"La pietà di Rogoredo" al bosco della droga: "Qui è tutto lontano da occhi benpensanti"
Un "tossicodipendente nei panni di Gesù". E "l'Italia al posto della Madonna". È forte, molto forte, la nuova opera di Cristina Donati Meyer, la street artist milanese che nei mesi scorsi aveva già "colpito" il ministro dell'Interno, Matteo Salvini.
Mercoledì, per la sua nuova installazione la Meyer ha scelto il boschetto della droga di Rogoredo, una delle più grandi piazze di spaccio di tutta Europa. Lì, l'artista ha affisso la sua personalissima "La Pietà di Rogoredo", ispirata a quella di Michelangelo.
"L’opera reinterpreta la “Pietà” di Michelangelo, con un tossicodipendente nei panni di Gesù e l’Italia al posto della Madonna. Il tossicodipendente-Gesù ha una siringa infilata nel braccio, un laccio emostatico e un cagnolino ai piedi. L’Italia-Madonna con l’italica corona a cingerle la testa, guarda sconsolata il proprio figlio, con compassione ma senza nulla poter fare - le parole della Meyer -. Il passaggio continuo di giovani e giovanissimi alla ricerca della dose o pronti a prostituirsi è come un girone dantesco dal flusso continuo. A nulla servono i blitz polizieschi settimanali, i fermi dei tossicodipendenti all’uscita dal bosco, i muri costruiti, le operazioni di immagine volute e ordite da Prefettura e Comune di Milano. I figli di Milano continuano ininterrottamente a frequentare, ad ogni ora del giorno e della notte, il bosco della droga".

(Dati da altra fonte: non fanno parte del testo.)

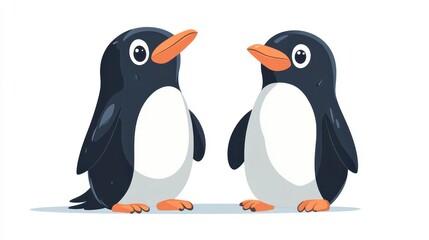 Obraz premium Two cute cartoon penguins facing each other.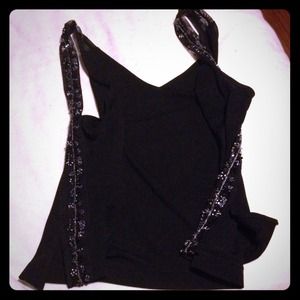 BCBG Max Azria Black Beaded Tank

Dietro quel disegno si nasconde quindi una denuncia. "Milano e le sue istituzioni, il Ministero dell’Interno, non sanno offrire alcuna alternativa se non quella della occasionale repressione - la teoria dell'artista -. Il muro, da poco realizzato lungo la ferrovia, servirà soltanto ad impedire un passaggio e ad occultare agli occhi dei passanti l’oscena visione. In campo non è stata posta alcuna politica di riduzione del danno o di disincentivo, nessuna educativa di strada, nessun presidio sanitario, nessun consultorio ambulante. Così i tossici si passano siringhe e patologie, utilizzando acqua contaminata, molte ragazzine si prostituiscono per una dosa, il tutto lontano da occhi benpensanti e senza infastidire l’operosa Milano".
"L’arte - ha concluso la Meyer - non può far finta di nulla, di fronte ai drammi quotidiani, girandosi dall’altra parte o arroccandosi su improbabili torri d’avorio. L’arte che sta a guardare e produce solo opere estetiche, è relegata al ruolo di decorazione".